Auto ML¶
This notebook will explain the auto-ml capabilities of aikit.
It shows the several things involved. If you just want to run it you should use the automl launcher
Let’s start by loading some small data
[1]:
import warnings
warnings.filterwarnings('ignore')
import pandas as pd
from aikit.datasets.datasets import load_dataset,DatasetEnum
dfX, y, _ ,_ , _ = load_dataset(DatasetEnum.titanic)
dfX.head()
[1]:
pclass | name | sex | age | sibsp | parch | ticket | fare | cabin | embarked | boat | body | home_dest | |
---|---|---|---|---|---|---|---|---|---|---|---|---|---|
0 | 1 | McCarthy, Mr. Timothy J | male | 54.0 | 0 | 0 | 17463 | 51.8625 | E46 | S | NaN | 175.0 | Dorchester, MA |
1 | 1 | Fortune, Mr. Mark | male | 64.0 | 1 | 4 | 19950 | 263.0000 | C23 C25 C27 | S | NaN | NaN | Winnipeg, MB |
2 | 1 | Sagesser, Mlle. Emma | female | 24.0 | 0 | 0 | PC 17477 | 69.3000 | B35 | C | 9 | NaN | NaN |
3 | 3 | Panula, Master. Urho Abraham | male | 2.0 | 4 | 1 | 3101295 | 39.6875 | NaN | S | NaN | NaN | NaN |
4 | 1 | Maioni, Miss. Roberta | female | 16.0 | 0 | 0 | 110152 | 86.5000 | B79 | S | 8 | NaN | NaN |
[2]:
y[0:5]
[2]:
array([0, 0, 1, 0, 1])
Now let’s load what is needed
[4]:
from aikit.ml_machine import AutoMlConfig, JobConfig, MlJobManager, MlJobRunner, AutoMlResultReader
from aikit.ml_machine import FolderDataPersister, SavingType, AutoMlModelGuider
AutoML configuration object¶
This object will contain all the relevant information about the problem at hand : * it’s type : REGRESSION or CLASSIFICATION * the information about the column in the data * the steps that are needed in the processing pipeline (see explanation after) * the models that are to be tested * …

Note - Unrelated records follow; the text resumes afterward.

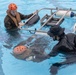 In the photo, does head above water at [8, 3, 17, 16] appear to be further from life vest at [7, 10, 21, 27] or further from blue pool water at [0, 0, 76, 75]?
blue pool water at [0, 0, 76, 75]

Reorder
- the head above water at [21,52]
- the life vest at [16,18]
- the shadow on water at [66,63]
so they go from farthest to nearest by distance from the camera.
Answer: the life vest at [16,18] → the head above water at [21,52] → the shadow on water at [66,63]

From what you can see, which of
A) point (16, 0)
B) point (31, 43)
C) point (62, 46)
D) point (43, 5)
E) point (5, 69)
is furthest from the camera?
point (16, 0)

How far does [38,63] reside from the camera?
5.62m

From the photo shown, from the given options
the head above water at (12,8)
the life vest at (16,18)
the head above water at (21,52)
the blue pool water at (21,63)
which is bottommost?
the blue pool water at (21,63)

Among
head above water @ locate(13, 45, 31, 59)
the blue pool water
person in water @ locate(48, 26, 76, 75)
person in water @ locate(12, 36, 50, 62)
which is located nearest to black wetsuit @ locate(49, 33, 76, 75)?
person in water @ locate(48, 26, 76, 75)

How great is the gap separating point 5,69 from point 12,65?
224 mm

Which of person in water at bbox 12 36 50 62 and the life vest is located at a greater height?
the life vest

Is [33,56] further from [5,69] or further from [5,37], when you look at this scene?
[5,37]

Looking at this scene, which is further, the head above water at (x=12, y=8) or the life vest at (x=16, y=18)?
the life vest at (x=16, y=18)

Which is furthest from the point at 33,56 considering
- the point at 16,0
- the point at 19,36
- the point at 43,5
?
the point at 16,0

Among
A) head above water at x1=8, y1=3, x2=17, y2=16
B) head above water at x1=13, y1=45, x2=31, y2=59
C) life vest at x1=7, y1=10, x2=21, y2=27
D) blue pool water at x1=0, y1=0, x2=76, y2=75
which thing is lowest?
blue pool water at x1=0, y1=0, x2=76, y2=75

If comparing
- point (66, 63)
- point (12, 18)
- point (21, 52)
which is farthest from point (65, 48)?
point (12, 18)

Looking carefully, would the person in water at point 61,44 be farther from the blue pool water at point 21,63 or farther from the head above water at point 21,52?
the head above water at point 21,52

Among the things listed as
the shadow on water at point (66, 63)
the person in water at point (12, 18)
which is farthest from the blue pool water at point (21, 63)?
the person in water at point (12, 18) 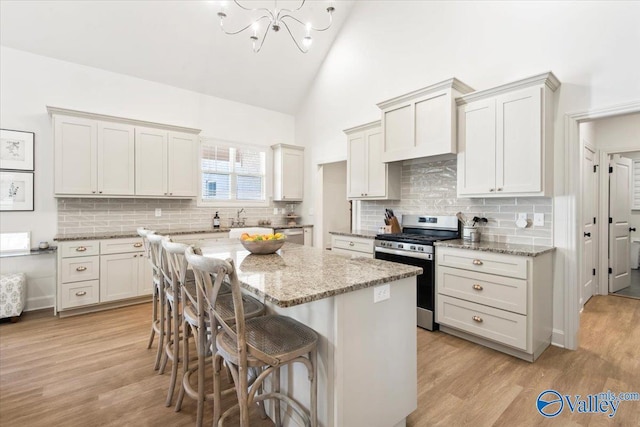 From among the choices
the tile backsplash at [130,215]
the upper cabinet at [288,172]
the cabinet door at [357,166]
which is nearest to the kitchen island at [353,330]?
the cabinet door at [357,166]

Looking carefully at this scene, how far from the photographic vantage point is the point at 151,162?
170 inches

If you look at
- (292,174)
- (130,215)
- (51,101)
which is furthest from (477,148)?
(51,101)

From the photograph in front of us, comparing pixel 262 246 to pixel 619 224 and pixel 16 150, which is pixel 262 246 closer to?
pixel 16 150

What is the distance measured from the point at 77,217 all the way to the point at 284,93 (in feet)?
12.8

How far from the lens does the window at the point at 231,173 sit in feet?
17.3

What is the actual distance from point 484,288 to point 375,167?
204 cm

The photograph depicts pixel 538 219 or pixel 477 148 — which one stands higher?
pixel 477 148

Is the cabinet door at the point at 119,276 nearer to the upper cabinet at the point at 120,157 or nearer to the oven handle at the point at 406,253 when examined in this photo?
the upper cabinet at the point at 120,157

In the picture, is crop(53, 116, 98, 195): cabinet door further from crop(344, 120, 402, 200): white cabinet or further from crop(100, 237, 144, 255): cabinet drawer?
crop(344, 120, 402, 200): white cabinet

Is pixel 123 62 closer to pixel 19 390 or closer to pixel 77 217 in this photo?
pixel 77 217

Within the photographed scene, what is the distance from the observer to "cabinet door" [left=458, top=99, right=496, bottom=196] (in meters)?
2.96

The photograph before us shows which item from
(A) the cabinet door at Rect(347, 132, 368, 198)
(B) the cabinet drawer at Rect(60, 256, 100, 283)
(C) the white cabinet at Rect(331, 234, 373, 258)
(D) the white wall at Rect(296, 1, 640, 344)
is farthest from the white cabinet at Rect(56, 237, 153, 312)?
(D) the white wall at Rect(296, 1, 640, 344)

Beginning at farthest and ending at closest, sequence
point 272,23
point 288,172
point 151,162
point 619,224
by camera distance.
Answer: point 288,172, point 619,224, point 151,162, point 272,23

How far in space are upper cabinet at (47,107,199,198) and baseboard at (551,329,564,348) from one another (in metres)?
4.74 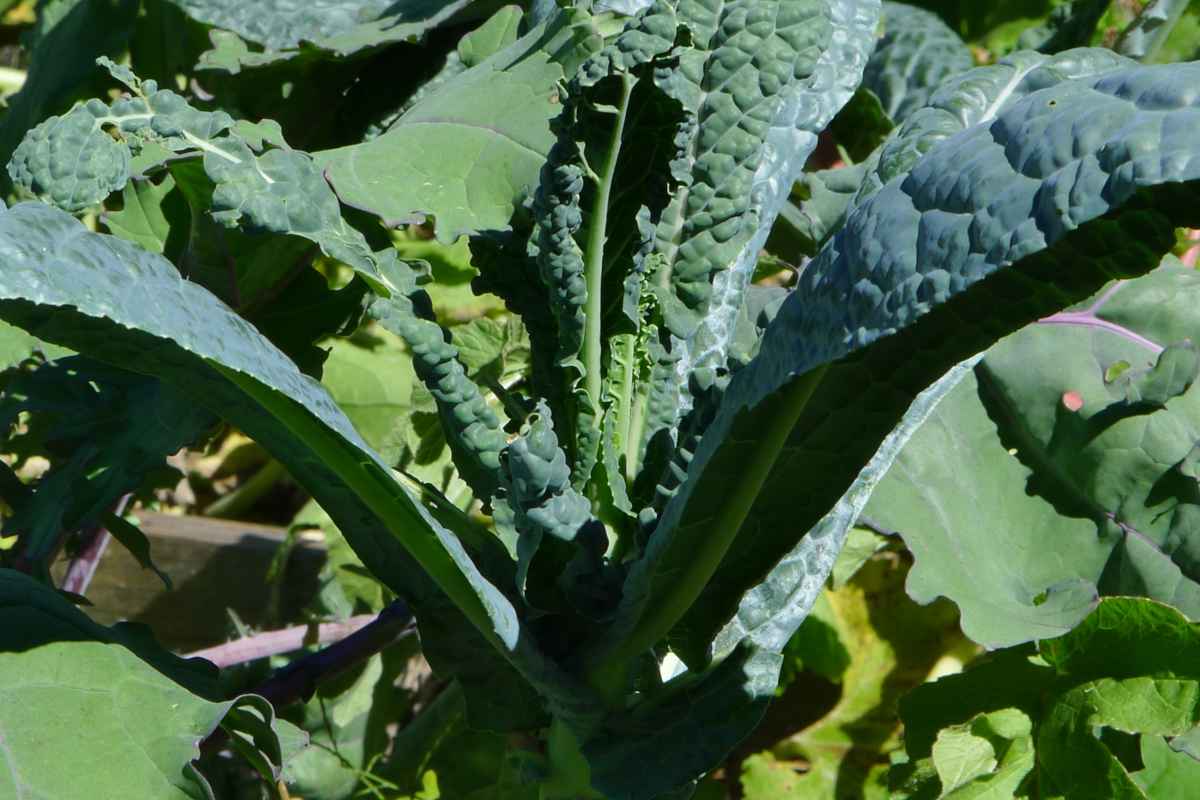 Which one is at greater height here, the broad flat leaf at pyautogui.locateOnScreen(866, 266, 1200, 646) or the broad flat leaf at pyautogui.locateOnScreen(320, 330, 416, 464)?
the broad flat leaf at pyautogui.locateOnScreen(866, 266, 1200, 646)

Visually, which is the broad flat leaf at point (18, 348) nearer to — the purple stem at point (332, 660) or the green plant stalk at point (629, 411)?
the purple stem at point (332, 660)

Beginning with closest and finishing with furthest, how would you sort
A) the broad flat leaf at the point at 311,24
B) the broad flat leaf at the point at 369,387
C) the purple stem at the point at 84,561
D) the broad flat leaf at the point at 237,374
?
the broad flat leaf at the point at 237,374 < the broad flat leaf at the point at 311,24 < the purple stem at the point at 84,561 < the broad flat leaf at the point at 369,387

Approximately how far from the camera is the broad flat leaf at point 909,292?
24.7 inches

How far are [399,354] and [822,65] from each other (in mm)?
1282

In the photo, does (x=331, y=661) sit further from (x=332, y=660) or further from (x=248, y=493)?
(x=248, y=493)

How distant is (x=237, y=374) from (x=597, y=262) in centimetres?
28

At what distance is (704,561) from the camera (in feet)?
3.06

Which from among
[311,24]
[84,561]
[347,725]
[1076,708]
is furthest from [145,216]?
[1076,708]

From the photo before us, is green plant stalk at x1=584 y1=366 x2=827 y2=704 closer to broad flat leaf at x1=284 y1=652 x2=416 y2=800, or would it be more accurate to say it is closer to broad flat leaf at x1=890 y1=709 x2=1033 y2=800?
broad flat leaf at x1=890 y1=709 x2=1033 y2=800

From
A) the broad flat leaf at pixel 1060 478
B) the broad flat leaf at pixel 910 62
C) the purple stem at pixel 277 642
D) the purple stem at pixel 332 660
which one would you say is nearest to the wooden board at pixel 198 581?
the purple stem at pixel 277 642

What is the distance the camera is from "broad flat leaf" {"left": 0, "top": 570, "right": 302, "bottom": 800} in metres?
0.97

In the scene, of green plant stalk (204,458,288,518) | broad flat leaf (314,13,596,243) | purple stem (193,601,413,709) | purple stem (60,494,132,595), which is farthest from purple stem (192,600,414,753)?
green plant stalk (204,458,288,518)

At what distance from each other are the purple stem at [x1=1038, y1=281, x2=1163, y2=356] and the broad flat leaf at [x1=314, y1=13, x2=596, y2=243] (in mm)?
676

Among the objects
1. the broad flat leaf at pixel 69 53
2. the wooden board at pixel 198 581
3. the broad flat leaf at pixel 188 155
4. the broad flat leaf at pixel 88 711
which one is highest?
the broad flat leaf at pixel 188 155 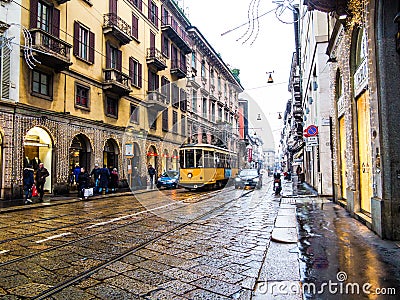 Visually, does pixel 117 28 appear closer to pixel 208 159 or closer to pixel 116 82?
pixel 116 82

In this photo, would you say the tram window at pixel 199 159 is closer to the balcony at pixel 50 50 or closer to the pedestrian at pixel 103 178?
the pedestrian at pixel 103 178

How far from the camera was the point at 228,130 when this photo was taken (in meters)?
43.1

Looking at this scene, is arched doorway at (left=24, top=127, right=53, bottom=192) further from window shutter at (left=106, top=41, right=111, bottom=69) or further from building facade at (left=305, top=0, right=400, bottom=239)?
building facade at (left=305, top=0, right=400, bottom=239)

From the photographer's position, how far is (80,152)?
20812mm

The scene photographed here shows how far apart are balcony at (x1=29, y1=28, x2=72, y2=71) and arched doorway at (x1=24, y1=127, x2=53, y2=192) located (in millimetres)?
3284

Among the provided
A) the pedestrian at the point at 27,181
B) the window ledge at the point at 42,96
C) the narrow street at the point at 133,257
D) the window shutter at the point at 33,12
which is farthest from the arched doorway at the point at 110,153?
the narrow street at the point at 133,257

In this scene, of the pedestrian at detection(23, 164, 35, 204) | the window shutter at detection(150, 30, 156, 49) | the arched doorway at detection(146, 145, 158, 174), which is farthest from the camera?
the window shutter at detection(150, 30, 156, 49)

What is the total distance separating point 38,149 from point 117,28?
951 cm

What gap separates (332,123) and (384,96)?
24.1 ft

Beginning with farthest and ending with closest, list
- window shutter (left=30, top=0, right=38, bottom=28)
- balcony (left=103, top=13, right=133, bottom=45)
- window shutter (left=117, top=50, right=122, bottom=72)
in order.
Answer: window shutter (left=117, top=50, right=122, bottom=72)
balcony (left=103, top=13, right=133, bottom=45)
window shutter (left=30, top=0, right=38, bottom=28)

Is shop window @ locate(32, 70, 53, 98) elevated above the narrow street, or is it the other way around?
shop window @ locate(32, 70, 53, 98)

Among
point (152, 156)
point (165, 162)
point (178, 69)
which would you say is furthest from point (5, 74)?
point (178, 69)

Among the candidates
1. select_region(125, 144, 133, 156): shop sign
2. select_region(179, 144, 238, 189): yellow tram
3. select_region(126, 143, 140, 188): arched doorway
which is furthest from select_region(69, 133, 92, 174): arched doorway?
select_region(179, 144, 238, 189): yellow tram

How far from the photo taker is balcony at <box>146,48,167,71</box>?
27772 millimetres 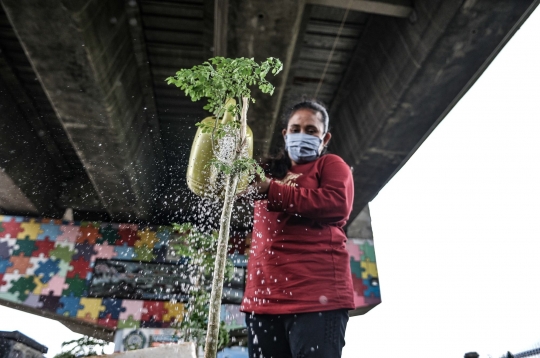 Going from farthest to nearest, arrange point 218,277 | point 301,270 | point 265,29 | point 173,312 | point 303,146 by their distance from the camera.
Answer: point 173,312 → point 265,29 → point 303,146 → point 301,270 → point 218,277

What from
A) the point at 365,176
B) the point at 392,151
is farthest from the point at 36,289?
the point at 392,151

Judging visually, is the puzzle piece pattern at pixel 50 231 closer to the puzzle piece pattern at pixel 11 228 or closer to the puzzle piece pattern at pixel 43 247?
the puzzle piece pattern at pixel 43 247

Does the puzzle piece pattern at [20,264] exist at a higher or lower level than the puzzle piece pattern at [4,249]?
lower

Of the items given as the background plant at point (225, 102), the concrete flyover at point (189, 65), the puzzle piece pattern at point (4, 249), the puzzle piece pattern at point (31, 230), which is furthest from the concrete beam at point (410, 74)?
the puzzle piece pattern at point (4, 249)

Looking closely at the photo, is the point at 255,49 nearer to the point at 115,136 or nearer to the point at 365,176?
the point at 115,136

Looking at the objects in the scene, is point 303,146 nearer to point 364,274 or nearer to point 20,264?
point 364,274

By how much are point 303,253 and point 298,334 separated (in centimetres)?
29

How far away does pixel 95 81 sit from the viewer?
3.30 metres

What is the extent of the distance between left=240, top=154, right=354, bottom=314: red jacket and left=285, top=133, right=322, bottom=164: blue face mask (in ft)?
0.66

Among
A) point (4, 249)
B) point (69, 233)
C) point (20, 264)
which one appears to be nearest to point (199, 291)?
point (69, 233)

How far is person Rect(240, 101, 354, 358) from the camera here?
1.39m

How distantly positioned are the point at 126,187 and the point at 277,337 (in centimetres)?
396

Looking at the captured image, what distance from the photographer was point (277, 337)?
146 cm

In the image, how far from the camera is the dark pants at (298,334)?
134 cm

By default the model will guess everything but everything can be changed if needed
[5]:
auto_ml_config = AutoMlConfig(dfX = dfX, y = y, name = "titanic")
auto_ml_config.guess_everything()
auto_ml_config
[5]:
<aikit.ml_machine.ml_machine.AutoMlConfig object at 0x10c90fa90>
type of problem : CLASSIFICATION
type of problem¶
[6]:
auto_ml_config.type_of_problem
[6]:
'CLASSIFICATION'
The config guess that it was a Classification problem
information about columns¶
[7]:
auto_ml_config.columns_informations
[7]:
OrderedDict([('pclass',
{'TypeOfVariable': 'NUM', 'HasMissing': False, 'ToKeep': True}),
('name',
{'TypeOfVariable': 'TEXT', 'HasMissing': False, 'ToKeep': True}),
('sex',
{'TypeOfVariable': 'CAT', 'HasMissing': False, 'ToKeep': True}),
('age',
{'TypeOfVariable': 'NUM', 'HasMissing': True, 'ToKeep': True}),
('sibsp',
{'TypeOfVariable': 'NUM', 'HasMissing': False, 'ToKeep': True}),
('parch',
{'TypeOfVariable': 'NUM', 'HasMissing': False, 'ToKeep': True}),
('ticket',
{'TypeOfVariable': 'TEXT', 'HasMissing': False, 'ToKeep': True}),
('fare',
{'TypeOfVariable': 'NUM', 'HasMissing': True, 'ToKeep': True}),
('cabin',
{'TypeOfVariable': 'CAT', 'HasMissing': True, 'ToKeep': True}),
('embarked',
{'TypeOfVariable': 'CAT', 'HasMissing': True, 'ToKeep': True}),
('boat',
{'TypeOfVariable': 'CAT', 'HasMissing': True, 'ToKeep': True}),
('body',
{'TypeOfVariable': 'NUM', 'HasMissing': True, 'ToKeep': True}),
('home_dest',
{'TypeOfVariable': 'CAT', 'HasMissing': True, 'ToKeep': True})])
[8]:
pd.DataFrame(auto_ml_config.columns_informations).T
[8]:
HasMissing | ToKeep | TypeOfVariable | |
---|---|---|---|
pclass | False | True | NUM |
name | False | True | TEXT |
sex | False | True | CAT |
age | True | True | NUM |
sibsp | False | True | NUM |
parch | False | True | NUM |
ticket | False | True | TEXT |
fare | True | True | NUM |
cabin | True | True | CAT |
embarked | True | True | CAT |
boat | True | True | CAT |
body | True | True | NUM |
home_dest | True | True | CAT |
For each column in the DataFrame, its type were guess among the three possible values : * NUM : for numerical columns * TEXT : for columns that contains text * CAT : for categorical columns
Remarks: * The difference between TEXT and CAT is based on the number of different modalities * Be careful with categorical value that are encoded into integers (algorithm won’t know that it is really a categorical feature)
columns block¶
[9]:
auto_ml_config.columns_block
[9]:
OrderedDict([('NUM', ['pclass', 'age', 'sibsp', 'parch', 'fare', 'body']),
('TEXT', ['name', 'ticket']),
('CAT', ['sex', 'cabin', 'embarked', 'boat', 'home_dest'])])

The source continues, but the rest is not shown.